There were the first years of newly divorced parents in my childhood as we split Christmas Eve and Christmas Day between my devout Catholic father’s side of the family and my semi-devout atheist mother’s side of the family. At least one person would end those nights in tears. In the following years we lost a grandmother. I lost my religion. The other grandkids and I left for college. The holiday break became a time of frantic hoping that I would pass that chemistry class or find that summer job. Another grandparent left us. And then another grandfather battled chemo right through the gingerbread and Christmas lights only to pass away in the spring. I left Pennsylvania and moved across the country to Colorado. My mom moved to a new house. My aunt and uncle moved across the state. Last Christmas we celebrated and mourned the final year in my grandmother’s house that had been a staple in my family for decades.

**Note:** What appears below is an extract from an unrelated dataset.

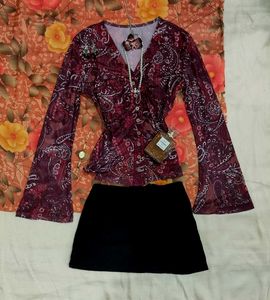 Faerie boho paisley print fitted top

This year, we will celebrate the holidays split between my mother’s house and my grandmother’s new house near Pittsburgh just before a handful of us fly off to Florida to enjoy some much-needed warmth. It will be the biggest change to our holiday routine yet.
As such a sentimental person, my mother is always surprised how little I cling to things like traditions or familiar places. When she moved out of our childhood home, I barely registered it while my brother lingered with conflicting emotions for almost a year. For me, when the routine changes, I look for the people who made those routines so endearing. Not the food or the places or the traditions that surrounded them. In moments of drastic change for the people around, I didn’t want to be resistive.
I recently heard a talk about finding the path of least resistance as you move through life. About how not to be reactive to stressful or uncomfortable situations––that you find the least resistance when choose to react with joy rather than other emotions.
When it comes to the holidays and especially when it comes to family, I think it is important to find the path of least resistance and spend some time there. Of course that means something different for everyone. For me it means being open to spending the holidays in a different way every year. It means setting down my activist tendencies for a week to just enjoy the people in my life that love me. It means forgiving any family members who have hurt me and spending time trying to learn from them rather than teach them. During the holidays, I try not to react to my anxious need for control.
For others, the path of least resistance might be not seeing family––it might be choosing not to visit in-laws, or old friends and old habits. There might be trauma or sadness or anger that simply should not be opened at this time.
As you wrap up the week and delve into the end of this heavy month, take time to find your own path of least resistance. While your holiday plans may already be final, the way you react to them is not.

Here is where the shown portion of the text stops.